Teun Sterk, equine veterinarian from the Bodegraven clinic explains how to use this muesli. “If you replace a part of your normal concentrate feed by Pavo TopSport, you will restore the balance in the entire ration. Pavo TopSport contains 20 percent high quality proteins from soya bean and 18 percent oil. This provides energy for endurance performances but does not result in lactic acids during the metabolic process. It also contains extra vitamin E to prevent muscle acidification.”
The right balance
Krabbenborg: “The right balance is also extremely important. The composition makes a difference.” Soya beans are an excellent source of proteins for horses. In addition, the developers looked also for an ingredient which delivers energy for an endurance performance. This was found in the form of oil from extruded linseed. A vitamin and mineral supplement is important for the right balance. And a small quantity of cane molasses is necessary to bind the product and make it palatable. All this resulted in a muesli mixture with the name Pavo TopSport.
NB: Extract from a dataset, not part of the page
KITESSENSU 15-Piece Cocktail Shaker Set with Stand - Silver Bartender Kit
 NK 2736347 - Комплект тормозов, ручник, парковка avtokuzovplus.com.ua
“The right feed can make a huge difference in top sport.” This is the opinion of equine veterinarian Drs. Teun Sterk from Bodegraven clinic. Specialized supervision of competition horses is a large part of his job - and of his colleagues. They do not only treat horses, but do also a lot of preventative work.
Not every examination of a sport horse is caused by a problem. For horses that compete at the highest level, the supervision starts with drafting a ‘performance profile’ in order to monitor the horse’s health. By doing so, small problems are detected timely, before they develop into injuries that keep a horse away from competition for a longer period of time.
Do you know what the protein content of you roughage is?
If the horse's performance is disappointing, we also examine the horse’s diet. Proteins is an important ingredient. Equine veterinarian Teun Sterk: “Many sport horses do not get enough protein. The reason for this is that often people do not know what the protein content of their roughage is. Analysis of roughage is therefore a precondition.” According to Sterk, it is hard to see from the outside whether the horse gets sufficient proteins or not. “Sometimes you will see that the muscles of the top line are not well developed. Whether a horse is too skinny or too fat does not mean anything. Poor, hard to digest hay gives a fat belly, but doesn’t provide any energy.
In addition, I see particularly in the dressage too fat horses with too little muscles. The rider should hear the alarm bells ring if the horse does not keep up with the training exercise, suffers from muscle acidification or is not eager to work. This can already start with sulky or irritated behaviour when the rider is saddling up. An extra scoop of feed or giving just any supplement is not the solution. Give the horse a full check-up, in order to find out what the cause is. Adjusting the diet, or scrupulously assessing the diet and possibly adjusting it, is part of the total approach.”